In the kernel sources, this is

> +    _pack_ = 1
> +    _fields_ = [ ("tree_id", ctypes.c_ulonglong),
> +                 ("min_objectid", ctypes.c_ulonglong),
> +                 ("max_objectid", ctypes.c_ulonglong),
> +                 ("min_offset", ctypes.c_ulonglong),
> +                 ("max_offset", ctypes.c_ulonglong),
> +                 ("min_transid", ctypes.c_ulonglong),
> +                 ("max_transid", ctypes.c_ulonglong),
> +                 ("min_type", ctypes.c_uint),
> +                 ("max_type", ctypes.c_uint),
> +                 ("nr_items", ctypes.c_uint),
> +                 ("unused", ctypes.c_uint),
> +                 ("unused1", ctypes.c_ulonglong),
> +                 ("unused2", ctypes.c_ulonglong),
> +                 ("unused3", ctypes.c_ulonglong),
> +                 ("unused4", ctypes.c_ulonglong),
> +                 ("buf_size", ctypes.c_ulonglong),
> +                 ("buf", ctypes.c_ubyte * args_buffer_size),
> +               ]
> +
> +# the search ioctl resturns one header for each item


> +class btrfs_ioctl_search_header(ctypes.Structure):
> +    _pack_ = 1
> +    _fields_ = [ ("transid", ctypes.c_ulonglong),
> +                 ("objectid", ctypes.c_ulonglong),
> +                 ("offset", ctypes.c_ulonglong),
> +                 ("type", ctypes.c_uint),
> +                 ("len", ctypes.c_uint),
> +               ]
> +
> +# the type field in btrfs_file_extent_item
> +BTRFS_FILE_EXTENT_INLINE = 0
> +BTRFS_FILE_EXTENT_REG = 1
> +BTRFS_FILE_EXTENT_PREALLOC = 2
> +
> +class btrfs_file_extent_item(ctypes.LittleEndianStructure):
> +    _pack_ = 1
> +    _fields_ = [ ("generation", ctypes.c_ulonglong),
> +                 ("ram_bytes", ctypes.c_ulonglong),
> +                 ("compression", ctypes.c_ubyte),
> +                 ("encryption", ctypes.c_ubyte),
> +                 ("other_encoding", ctypes.c_ubyte * 2),
> +                 ("type", ctypes.c_ubyte),
> +                 ("disk_bytenr", ctypes.c_ulonglong),
> +                 ("disk_num_bytes", ctypes.c_ulonglong),
> +                 ("offset", ctypes.c_ulonglong),
> +                 ("num_bytes", ctypes.c_ulonglong),
> +               ]
> +
> +class btrfs_ioctl_search():
> +    def __init__(self):
> +        self.args = btrfs_ioctl_search_args()

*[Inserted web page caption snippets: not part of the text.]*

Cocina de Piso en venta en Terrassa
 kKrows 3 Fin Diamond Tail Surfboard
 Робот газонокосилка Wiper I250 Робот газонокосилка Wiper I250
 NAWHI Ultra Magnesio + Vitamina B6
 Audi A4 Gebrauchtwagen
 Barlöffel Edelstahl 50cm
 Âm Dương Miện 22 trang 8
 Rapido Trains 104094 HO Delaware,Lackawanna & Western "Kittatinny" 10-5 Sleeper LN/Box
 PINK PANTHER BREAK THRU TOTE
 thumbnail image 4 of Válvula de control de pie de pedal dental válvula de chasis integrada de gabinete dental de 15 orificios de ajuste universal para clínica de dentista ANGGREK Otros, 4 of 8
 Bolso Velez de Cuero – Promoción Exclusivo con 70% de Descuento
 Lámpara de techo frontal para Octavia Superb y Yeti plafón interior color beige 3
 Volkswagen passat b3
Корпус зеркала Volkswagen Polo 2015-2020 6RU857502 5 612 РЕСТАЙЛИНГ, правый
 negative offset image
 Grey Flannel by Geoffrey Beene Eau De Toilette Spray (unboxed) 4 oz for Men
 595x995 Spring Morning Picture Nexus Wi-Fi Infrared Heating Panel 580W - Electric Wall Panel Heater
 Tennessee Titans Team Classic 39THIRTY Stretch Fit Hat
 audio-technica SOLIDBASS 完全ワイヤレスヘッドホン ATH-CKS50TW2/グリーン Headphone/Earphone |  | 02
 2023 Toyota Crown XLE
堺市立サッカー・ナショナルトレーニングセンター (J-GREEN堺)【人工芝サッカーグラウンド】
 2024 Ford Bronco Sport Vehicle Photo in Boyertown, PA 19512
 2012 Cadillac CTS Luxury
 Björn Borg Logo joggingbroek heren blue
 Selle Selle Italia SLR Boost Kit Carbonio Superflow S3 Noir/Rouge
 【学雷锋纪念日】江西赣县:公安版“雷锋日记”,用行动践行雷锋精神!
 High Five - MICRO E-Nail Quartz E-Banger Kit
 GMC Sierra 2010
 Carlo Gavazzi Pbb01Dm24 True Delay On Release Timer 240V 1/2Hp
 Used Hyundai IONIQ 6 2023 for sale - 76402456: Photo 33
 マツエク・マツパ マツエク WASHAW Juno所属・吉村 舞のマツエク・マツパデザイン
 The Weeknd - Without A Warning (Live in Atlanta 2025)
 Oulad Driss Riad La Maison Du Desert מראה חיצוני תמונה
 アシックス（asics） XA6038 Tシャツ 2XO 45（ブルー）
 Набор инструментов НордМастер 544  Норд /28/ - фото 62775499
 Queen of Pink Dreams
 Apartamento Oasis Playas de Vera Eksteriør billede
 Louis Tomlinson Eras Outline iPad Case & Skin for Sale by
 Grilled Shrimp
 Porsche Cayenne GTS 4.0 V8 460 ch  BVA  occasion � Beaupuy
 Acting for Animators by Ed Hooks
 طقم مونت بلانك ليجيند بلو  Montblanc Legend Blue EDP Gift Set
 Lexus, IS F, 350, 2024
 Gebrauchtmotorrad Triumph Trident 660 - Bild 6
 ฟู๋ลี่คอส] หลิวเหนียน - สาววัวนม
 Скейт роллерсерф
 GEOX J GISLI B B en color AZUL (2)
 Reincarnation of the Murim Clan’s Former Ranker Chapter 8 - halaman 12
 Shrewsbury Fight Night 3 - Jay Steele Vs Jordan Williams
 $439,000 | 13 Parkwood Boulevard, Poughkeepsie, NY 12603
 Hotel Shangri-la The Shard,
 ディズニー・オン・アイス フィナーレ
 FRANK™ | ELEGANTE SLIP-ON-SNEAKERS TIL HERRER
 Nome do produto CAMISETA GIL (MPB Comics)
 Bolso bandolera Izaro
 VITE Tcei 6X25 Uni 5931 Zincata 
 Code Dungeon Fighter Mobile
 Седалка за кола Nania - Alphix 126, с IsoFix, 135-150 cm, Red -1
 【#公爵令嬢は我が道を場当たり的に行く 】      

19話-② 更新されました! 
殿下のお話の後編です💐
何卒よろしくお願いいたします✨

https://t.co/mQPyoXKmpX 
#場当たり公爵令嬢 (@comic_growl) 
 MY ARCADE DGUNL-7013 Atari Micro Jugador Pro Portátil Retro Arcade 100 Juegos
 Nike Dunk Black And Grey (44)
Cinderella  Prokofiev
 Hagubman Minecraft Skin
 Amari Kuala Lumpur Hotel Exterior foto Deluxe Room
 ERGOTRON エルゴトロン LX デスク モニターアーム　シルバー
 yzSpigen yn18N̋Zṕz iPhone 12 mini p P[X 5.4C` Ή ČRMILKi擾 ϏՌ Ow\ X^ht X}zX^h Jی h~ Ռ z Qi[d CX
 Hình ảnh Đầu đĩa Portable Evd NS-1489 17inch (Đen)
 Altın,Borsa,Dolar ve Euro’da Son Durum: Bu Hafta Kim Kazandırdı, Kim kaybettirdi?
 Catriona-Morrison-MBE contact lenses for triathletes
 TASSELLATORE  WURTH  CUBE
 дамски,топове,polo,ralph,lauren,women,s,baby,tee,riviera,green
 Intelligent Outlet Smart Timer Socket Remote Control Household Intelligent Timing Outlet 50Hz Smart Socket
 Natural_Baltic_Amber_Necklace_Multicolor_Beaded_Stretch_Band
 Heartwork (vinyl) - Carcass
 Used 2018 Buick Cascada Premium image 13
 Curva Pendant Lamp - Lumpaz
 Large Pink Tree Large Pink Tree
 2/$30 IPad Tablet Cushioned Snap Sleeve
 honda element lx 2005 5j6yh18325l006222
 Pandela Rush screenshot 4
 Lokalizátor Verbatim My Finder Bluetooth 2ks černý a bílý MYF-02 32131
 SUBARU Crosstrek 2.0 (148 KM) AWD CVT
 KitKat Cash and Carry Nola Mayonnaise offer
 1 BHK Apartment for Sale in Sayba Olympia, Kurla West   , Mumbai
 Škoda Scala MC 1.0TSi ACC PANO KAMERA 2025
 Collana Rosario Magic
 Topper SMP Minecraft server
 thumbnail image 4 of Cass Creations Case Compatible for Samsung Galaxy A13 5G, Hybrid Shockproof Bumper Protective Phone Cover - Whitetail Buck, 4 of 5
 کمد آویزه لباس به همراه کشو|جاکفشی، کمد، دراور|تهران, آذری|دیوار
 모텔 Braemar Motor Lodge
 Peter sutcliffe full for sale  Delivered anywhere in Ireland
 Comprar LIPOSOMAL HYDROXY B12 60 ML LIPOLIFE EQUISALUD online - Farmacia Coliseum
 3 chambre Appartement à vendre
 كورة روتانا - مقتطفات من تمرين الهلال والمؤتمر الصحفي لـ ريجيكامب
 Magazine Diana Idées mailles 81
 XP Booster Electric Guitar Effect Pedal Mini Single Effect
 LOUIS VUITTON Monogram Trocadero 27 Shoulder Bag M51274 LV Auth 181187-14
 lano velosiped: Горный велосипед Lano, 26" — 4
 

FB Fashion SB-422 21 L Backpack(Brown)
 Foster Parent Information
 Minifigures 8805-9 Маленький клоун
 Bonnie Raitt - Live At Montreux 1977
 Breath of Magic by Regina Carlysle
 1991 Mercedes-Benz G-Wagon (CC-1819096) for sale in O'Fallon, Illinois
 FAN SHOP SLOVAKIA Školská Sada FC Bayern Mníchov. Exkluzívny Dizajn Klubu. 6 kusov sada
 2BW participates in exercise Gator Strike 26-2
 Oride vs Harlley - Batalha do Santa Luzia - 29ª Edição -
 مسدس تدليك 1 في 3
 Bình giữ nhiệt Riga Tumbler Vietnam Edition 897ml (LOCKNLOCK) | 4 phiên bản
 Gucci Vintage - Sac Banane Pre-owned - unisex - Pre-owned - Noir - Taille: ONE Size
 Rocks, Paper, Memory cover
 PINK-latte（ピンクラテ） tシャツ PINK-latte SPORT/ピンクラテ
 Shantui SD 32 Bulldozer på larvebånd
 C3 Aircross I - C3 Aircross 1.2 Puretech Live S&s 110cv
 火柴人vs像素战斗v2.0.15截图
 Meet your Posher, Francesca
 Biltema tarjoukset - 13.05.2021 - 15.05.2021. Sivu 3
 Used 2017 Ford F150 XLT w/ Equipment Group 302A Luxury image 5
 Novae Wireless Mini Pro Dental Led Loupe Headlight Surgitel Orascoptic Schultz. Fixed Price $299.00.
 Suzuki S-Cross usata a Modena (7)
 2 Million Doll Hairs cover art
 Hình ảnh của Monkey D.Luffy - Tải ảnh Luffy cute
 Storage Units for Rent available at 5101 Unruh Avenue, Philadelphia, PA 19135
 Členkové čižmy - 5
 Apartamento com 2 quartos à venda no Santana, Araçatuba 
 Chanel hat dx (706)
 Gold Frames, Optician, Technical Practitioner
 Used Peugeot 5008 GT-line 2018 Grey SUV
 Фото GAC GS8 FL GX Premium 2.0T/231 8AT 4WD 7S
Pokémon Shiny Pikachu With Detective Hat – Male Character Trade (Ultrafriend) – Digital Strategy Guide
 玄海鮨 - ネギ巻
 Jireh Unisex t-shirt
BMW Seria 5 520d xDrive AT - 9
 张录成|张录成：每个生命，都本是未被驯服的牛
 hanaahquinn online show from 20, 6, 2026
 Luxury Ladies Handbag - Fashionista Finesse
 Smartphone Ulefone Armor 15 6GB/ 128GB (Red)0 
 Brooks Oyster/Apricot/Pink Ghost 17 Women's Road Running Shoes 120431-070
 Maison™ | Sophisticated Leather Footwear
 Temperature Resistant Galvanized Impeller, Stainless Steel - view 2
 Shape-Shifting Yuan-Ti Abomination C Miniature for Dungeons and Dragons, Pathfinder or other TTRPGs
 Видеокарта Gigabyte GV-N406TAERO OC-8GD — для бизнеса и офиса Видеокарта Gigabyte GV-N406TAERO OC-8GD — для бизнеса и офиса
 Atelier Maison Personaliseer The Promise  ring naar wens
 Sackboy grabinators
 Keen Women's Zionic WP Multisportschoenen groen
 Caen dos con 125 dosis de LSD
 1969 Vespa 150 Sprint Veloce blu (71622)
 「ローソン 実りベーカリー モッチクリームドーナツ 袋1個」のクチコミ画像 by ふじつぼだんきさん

> +        self.args.tree_id = 0
> +        self.args.min_objectid = 0
> +        self.args.max_objectid = maxu64
> +        self.args.min_offset = 0
> +        self.args.max_offset = maxu64
> +        self.args.min_transid = 0
> +        self.args.max_transid = maxu64
> +        self.args.min_type = 0
> +        self.args.max_type = maxu32
> +        self.args.nr_items = 0
> +        self.args.buf_size = args_buffer_size
> +
> +        # magic encoded for x86_64 this is the v2 search ioctl
> +        self.ioctl_num = 3228603409L
> +
> +    # the results of the search get stored into args.buf
> +    def search(self, fd, nritems=65536):
> +        self.args.nr_items = nritems
> +        fcntl.ioctl(fd, self.ioctl_num, self.args, 1)
> +
> +# this moves the search key forward by one.  If the end result is
> +# still a valid search key (all mins less than all maxes), we return
> +# True.  Otherwise False
> +#
> +def advance_search(search):
> +    if search.args.min_offset < maxu64:
> +        search.args.min_offset += 1
> +    elif search.args.min_type < 255:
> +        search.args.min_type += 1
> +    elif search.args.min_objectid < maxu64:
> +        search.args.min_objectid += 1
> +    else:
> +        return False
> +
> +    if search.args.min_offset > search.args.max_offset:
> +        return False
> +    if search.args.min_type > search.args.max_type:
> +        return False
> +    if search.args.min_objectid > search.args.max_objectid:
> +        return False
> +
> +    return True
> +
> +# given one search_header and one file_item, print the details.  This
> +# also tosses the [disk_bytenr,disk_num_bytes] into extent_hash to record
> +# which extents were used by this file
> +#
> +def print_one_extent(header, fi, extent_hash):
> +    # we're ignoring inline items for now
> +    if fi.type == BTRFS_FILE_EXTENT_INLINE:
> +        # header.len is the length of the item returned.  We subtract
> +        # the part of the file item header that is actually used (21 bytes)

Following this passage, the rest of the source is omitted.